Dopo le elezioni Johannesson aveva dato l’incarico di formare un governo inizialmente al Partito dell’Indipendenza, che aveva provato a trovare la maggioranza in parlamento con il Partito Progressista e il partito Futuro Luminoso, un partito liberale ed europeista di centro. I tre partiti però non si erano messi d’accordo su questioni europee e di riforma delle istituzioni, quindi Johannesson aveva dato l’incarico al secondo partito, il partito Sinistra – Movimento Verde, che aveva provato a mettere insieme una maggioranza formata da cinque partiti, che andavano dalla destra alla sinistra: le trattative sono andate avanti fino a fine novembre, ma anche in questo caso non si sono accordati, soprattutto su questioni fiscali. Prima che l’incarico venisse dato ai Pirati, Johannesson ha permesso trattative informali tra tutti i partiti, e soprattutto tra il Partito dell’Indipendenza e Sinistra – Movimento Verde, che però non sono andate a buon fine.
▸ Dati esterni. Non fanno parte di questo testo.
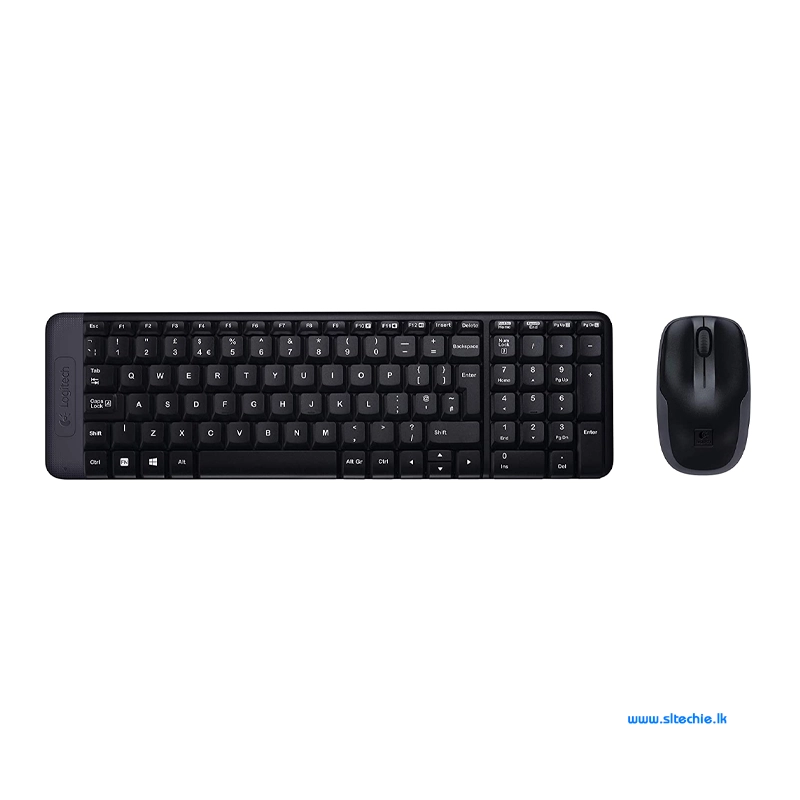Logitech MK215 Wireless Keyboard & Mouse Combo (1Y)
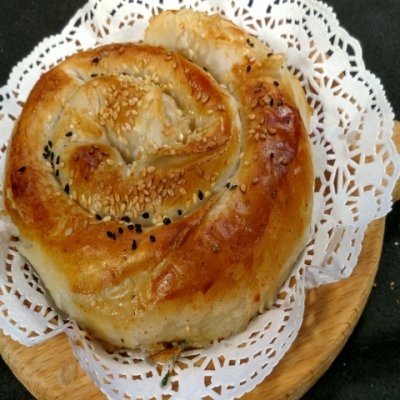 Кубате с мясом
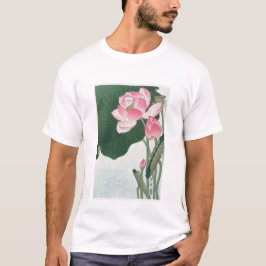 T-shirt Lotus en fleurs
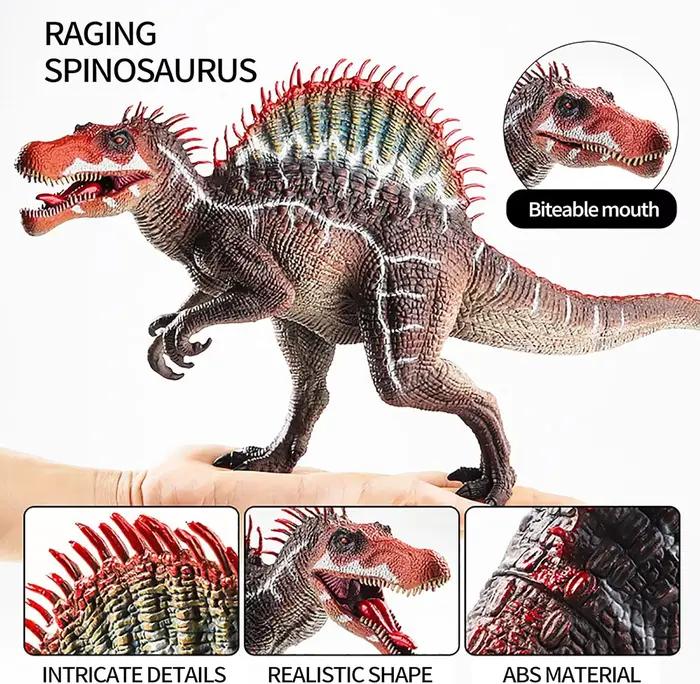 Jouets Spinosaurus, figurines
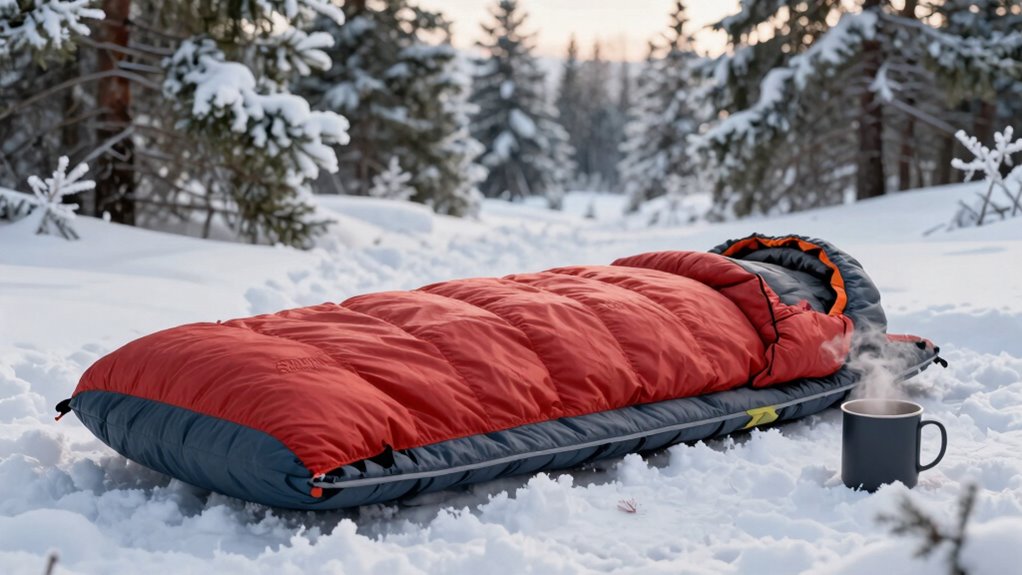 maximize sleeping pad warmth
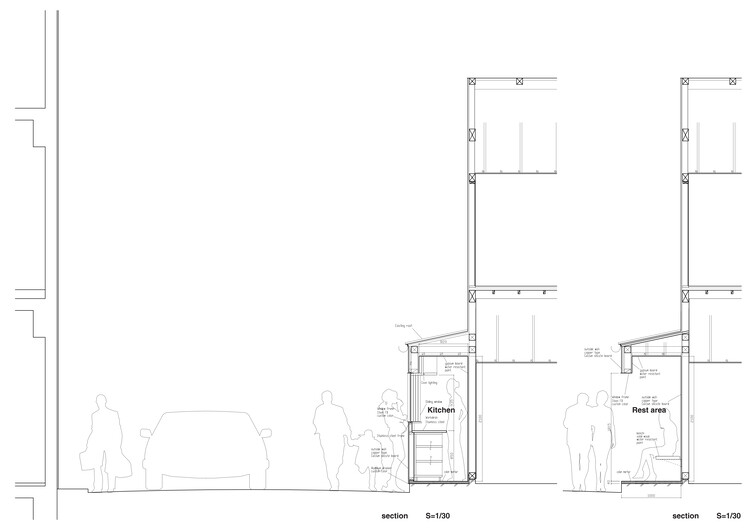 Стенд для кафе Suetomi AOQ / Студия G architects — Изображение 20 из 21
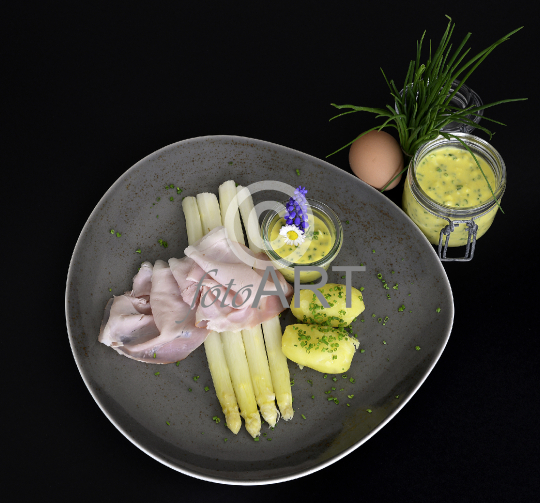 Spargelgericht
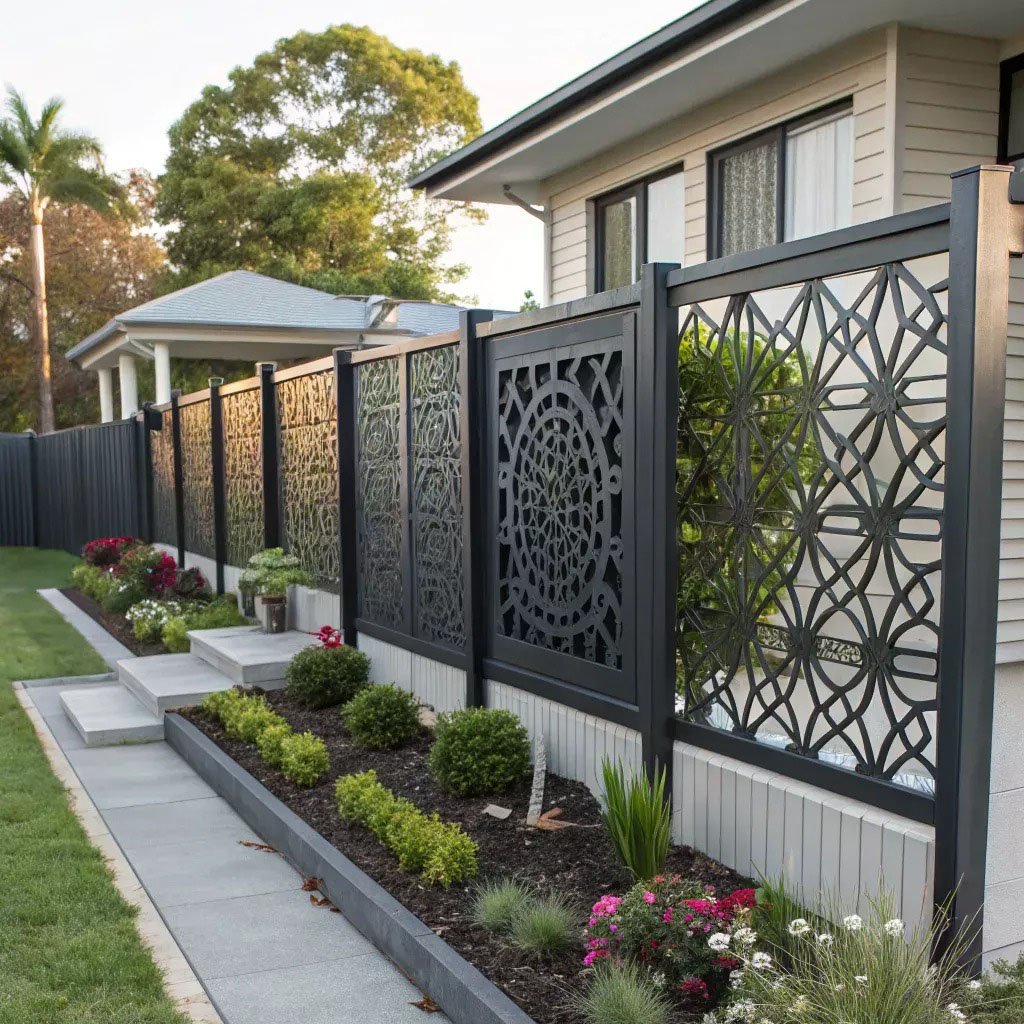 Aluminum Fence Project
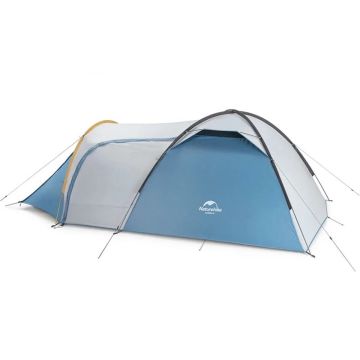 Naturehike Knight 3 Kişilik Kamp Çadırı (GRİ/MAVİ)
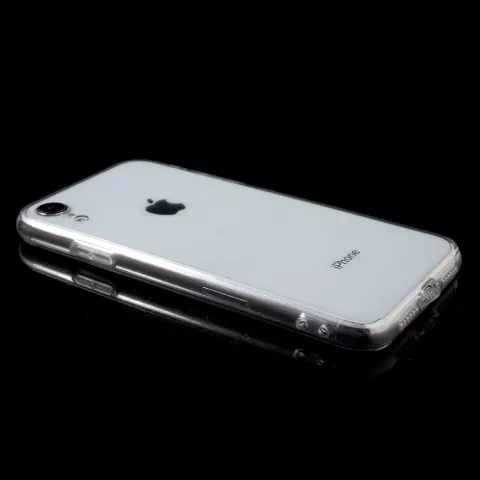 Coque transparente compatible avec iPhone XR - Coque transparente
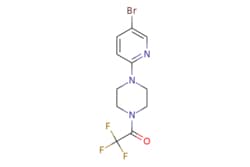 eMolecules​ 2-(4-Trifluoroacetylpiperazino)-5-bromopyridine | 1187385-94-9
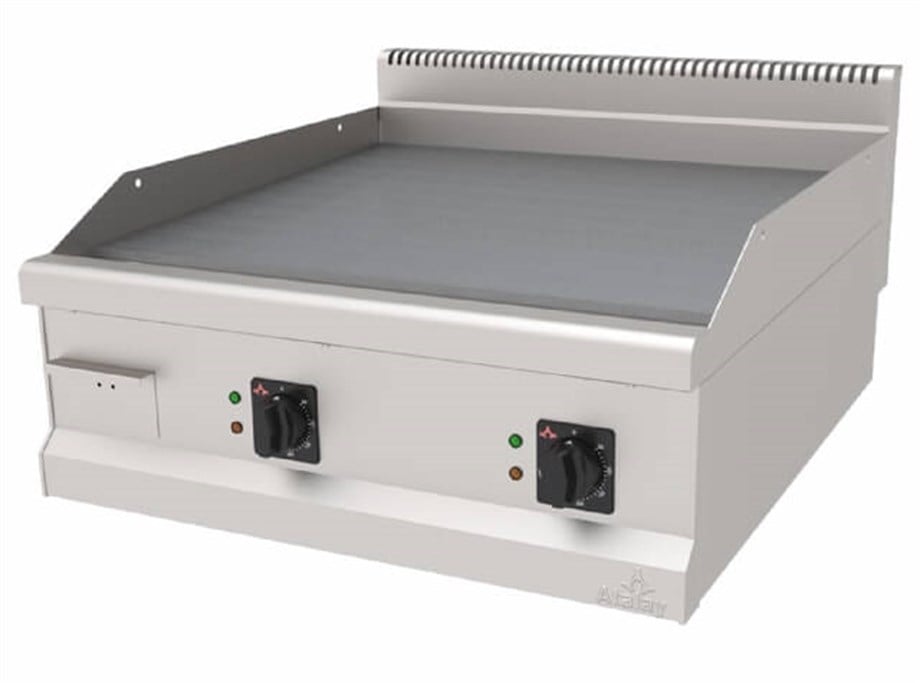 Atalay Elektrikli Pleyt Izgara Yarı Oluklu Yarı Düz Yüzey 80x90x30 Cm AEI-890-NDS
Johannesson ha ora assegnato l’incarico a Birgitta Jónsdóttir, la leader del partito dei Pirati, una forza politica che sostiene di non avere leader. I Pirati, secondo gli osservatori, non hanno molte possibilità di formare un governo: Jónsdóttir, che ha 49 anni, era già parlamentare ed è una femminista, un’artista e un’ex collaboratrice di WikiLeaks, ha detto però di essere ottimista che troveranno qualcuno con cui lavorare. I partiti eletti al parlamento islandese sono stati sei: i Pirati si rivolgeranno a tutti, con l’eccezione del Partito dell’Indipendenza a cui si sono sempre opposti. Per ottenere la maggioranza, però, non possono fare a meno dei voti del Partito Progressista – che è stato spesso al governo con il Partito dell’Indipendenza – o di Rigenerazione, un partito liberale ed europeista che è nato da una scissione del Partito dell’Indipendenza.

Prima delle elezioni in molti avevano previsto un grande risultato del Partito dei Pirati, perché negli ultimi mesi l’Islanda è stato uno dei paesi più interessati dallo scandalo dei Panama Papers che ad aprile aveva portato alle dimissioni del primo ministro Sigmundur Davíð Gunnlaugsson, del Partito Progressista (che infatti ha perso molti seggi). In Islanda – un paese di 320mila abitanti – la crisi del 2008 fu più grave che in altri paesi: le tre principali banche fallirono, la borsa nazionale perse il 97 per cento e il valore della corona islandese si dimezzò. Ora, anche grazie al grande aumento del turismo, il paese si sta riprendendo. I Pirati dicono di non essere né di destra né di sinistra: è una cosa che li accomuna al Movimento 5 Stelle, mentre per esempio Podemos, Syriza in Grecia o il movimento nato attorno a Bernie Sanders negli Stati Uniti, spesso paragonati ai Pirati, hanno un’identità di sinistra radicale. Secondo i Pirati l’eventuale adesione dell’Islanda all’Unione Europea – per ora non ne fa parte – deve essere sottoposta al giudizio popolare con un referendum. Il programma dei Pirati tocca molti argomenti, dai diritti degli animali alla protezione dell’ambiente e quella della privacy. Uno dei punti principali della loro piattaforma è però il coinvolgimento dei cittadini nell’attività legislativa, facilitando la convocazione di referendum e la formulazione di proposte di legge compilate attraverso il crowd-sourcing.